----- Records shown

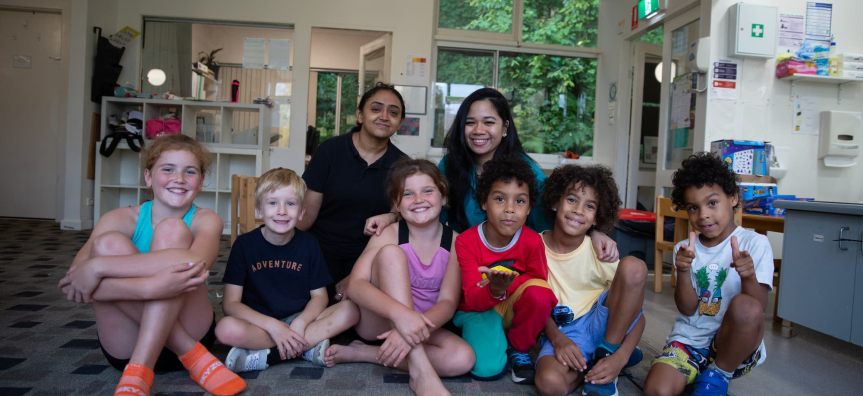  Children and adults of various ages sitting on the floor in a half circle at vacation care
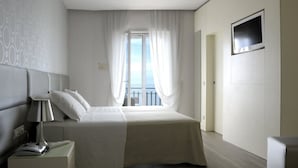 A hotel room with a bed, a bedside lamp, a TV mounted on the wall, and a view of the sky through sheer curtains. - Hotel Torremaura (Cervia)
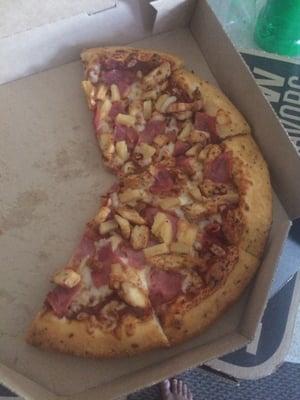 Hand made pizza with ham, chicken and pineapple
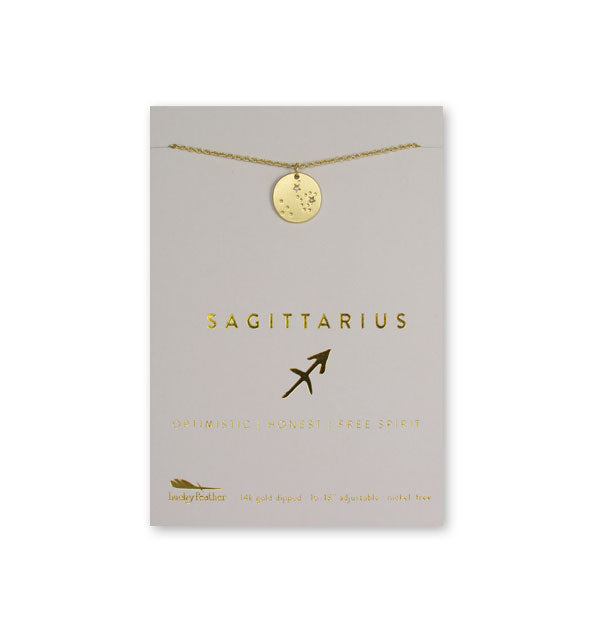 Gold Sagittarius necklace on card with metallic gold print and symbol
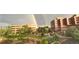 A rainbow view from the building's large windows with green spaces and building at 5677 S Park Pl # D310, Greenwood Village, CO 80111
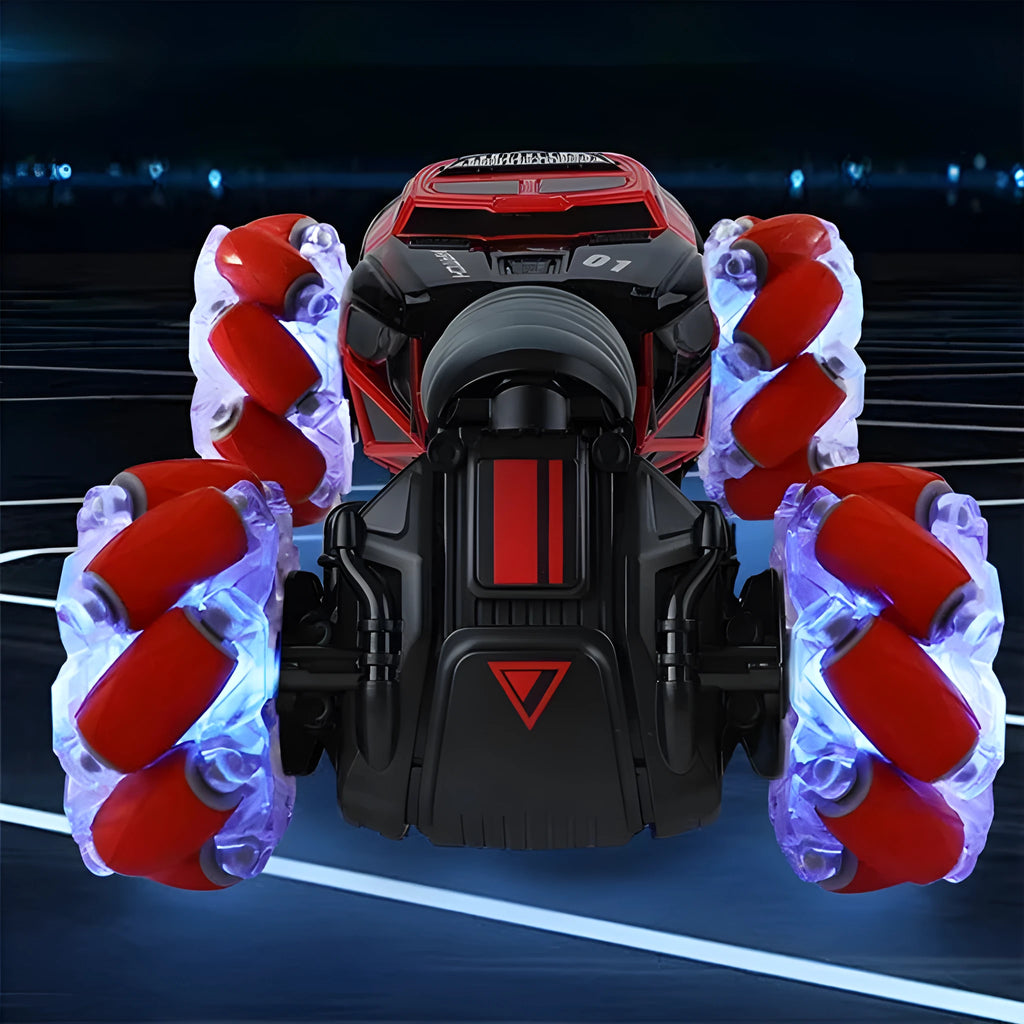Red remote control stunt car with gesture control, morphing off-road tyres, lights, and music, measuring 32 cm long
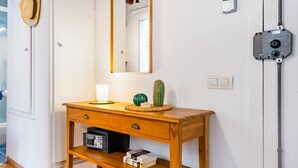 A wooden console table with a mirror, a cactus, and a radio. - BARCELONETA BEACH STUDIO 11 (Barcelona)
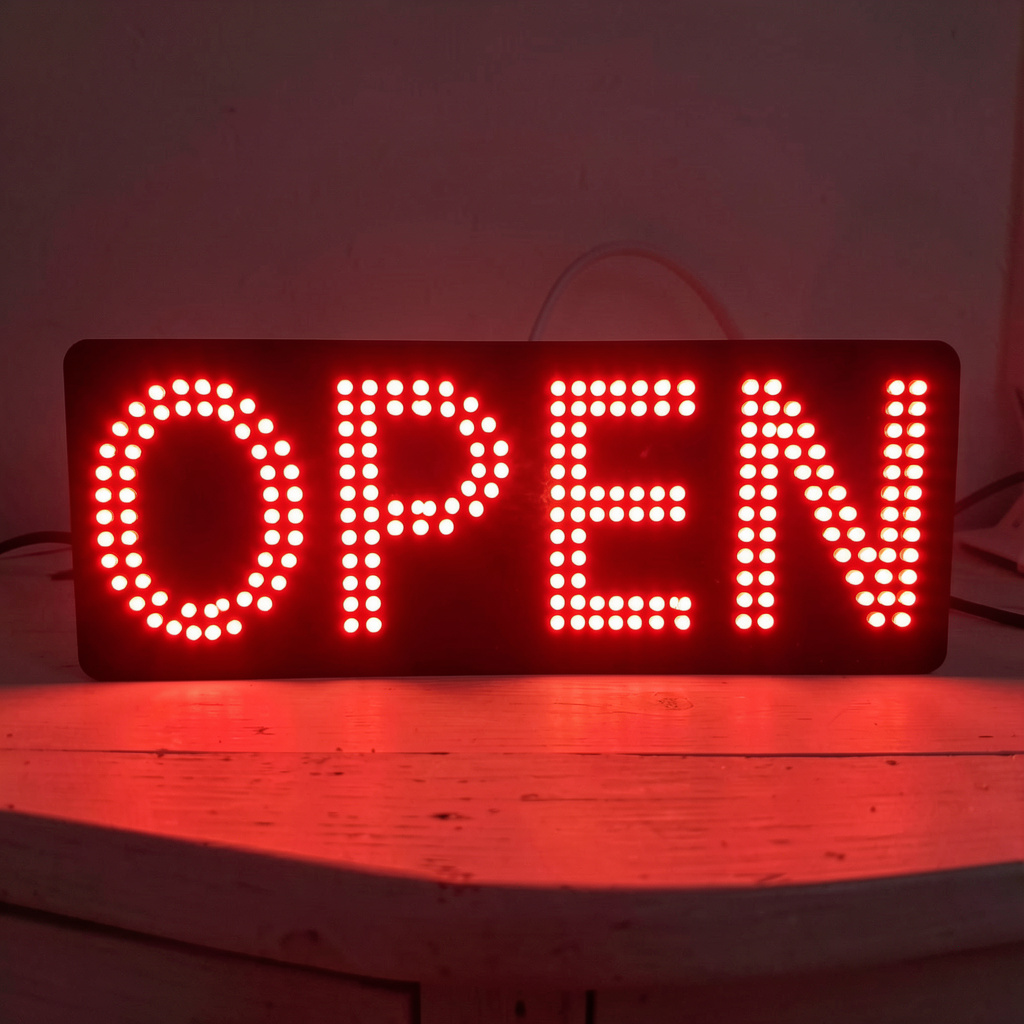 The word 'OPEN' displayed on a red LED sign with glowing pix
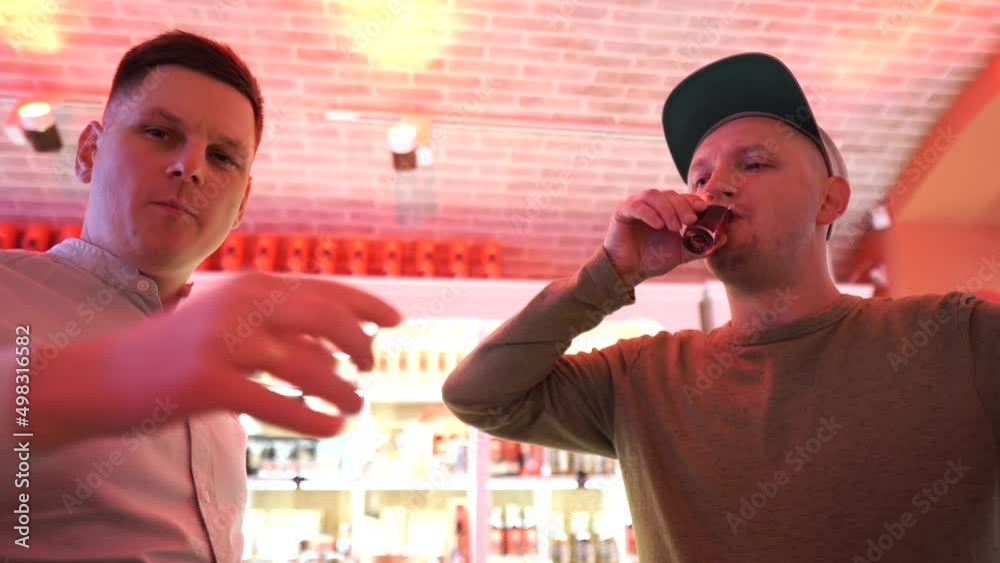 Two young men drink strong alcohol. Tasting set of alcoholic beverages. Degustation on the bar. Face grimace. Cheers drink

----------
----- Records shown

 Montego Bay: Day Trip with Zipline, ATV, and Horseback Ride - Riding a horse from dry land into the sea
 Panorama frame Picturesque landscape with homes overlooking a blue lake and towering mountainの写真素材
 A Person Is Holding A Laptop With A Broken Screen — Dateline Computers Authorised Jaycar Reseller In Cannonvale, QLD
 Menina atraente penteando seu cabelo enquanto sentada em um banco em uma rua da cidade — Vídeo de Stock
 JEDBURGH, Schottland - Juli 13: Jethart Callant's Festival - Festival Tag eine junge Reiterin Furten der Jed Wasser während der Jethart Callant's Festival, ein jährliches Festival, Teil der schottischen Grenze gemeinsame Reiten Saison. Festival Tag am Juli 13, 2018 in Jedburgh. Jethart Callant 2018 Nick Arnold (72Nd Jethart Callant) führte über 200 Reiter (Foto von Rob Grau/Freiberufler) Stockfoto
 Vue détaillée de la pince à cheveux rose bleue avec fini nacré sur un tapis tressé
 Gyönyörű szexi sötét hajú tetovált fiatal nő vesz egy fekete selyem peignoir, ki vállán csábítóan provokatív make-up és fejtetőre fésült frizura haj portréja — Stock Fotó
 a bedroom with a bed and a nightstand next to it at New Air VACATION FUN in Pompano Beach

----------
----- Records shown

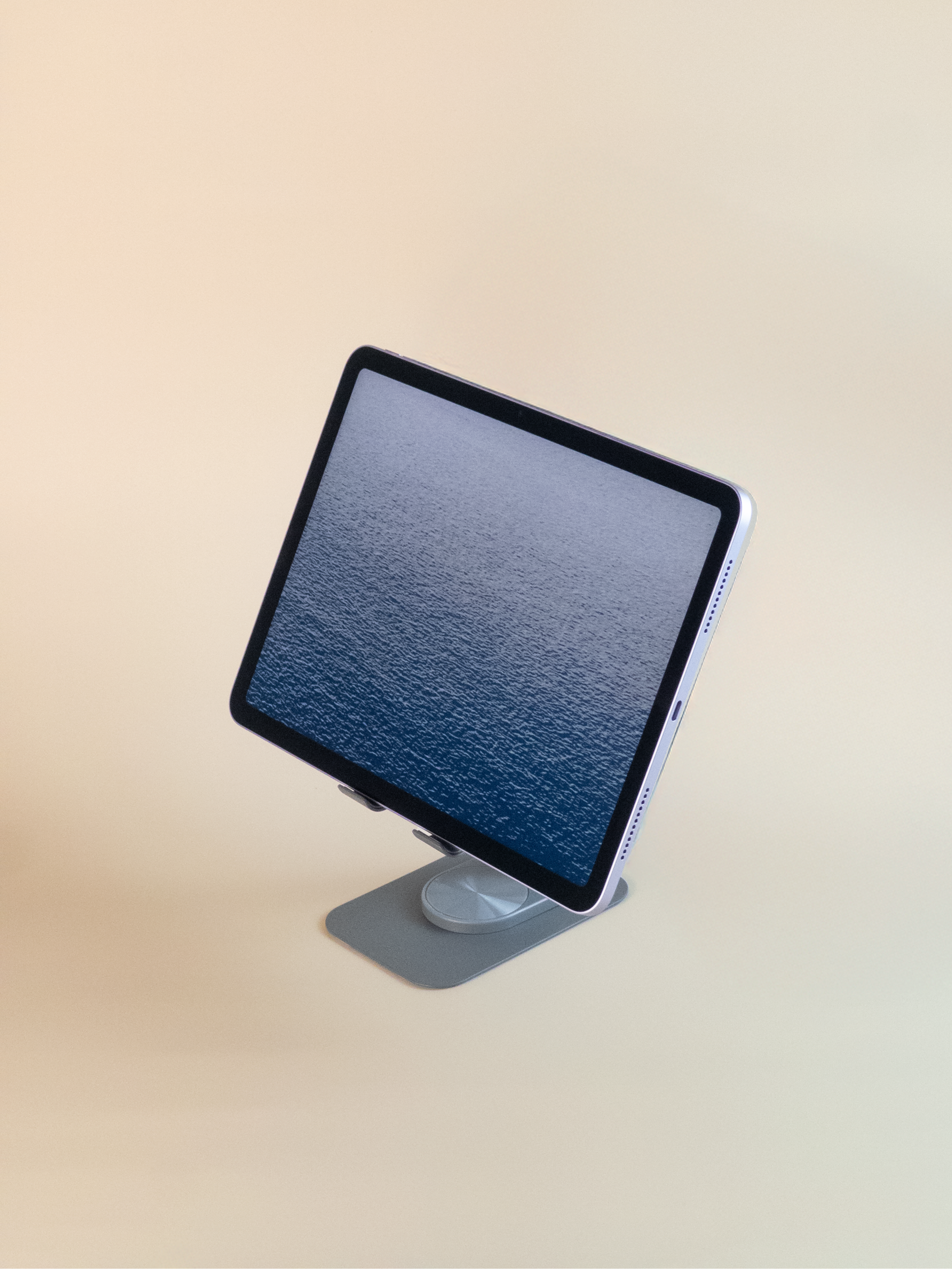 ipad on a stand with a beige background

----------

_Your goal_: Exact copy, pictures excluded: from the line with "Gold Sagittarius necklace" up to and including the line with "A rainbow view" in the data above.

_Exercise output_:
 Gold Sagittarius necklace on card with metallic gold print and symbol
 A rainbow view from the building's large windows with green spaces and building at 5677 S Park Pl # D310, Greenwood Village, CO 80111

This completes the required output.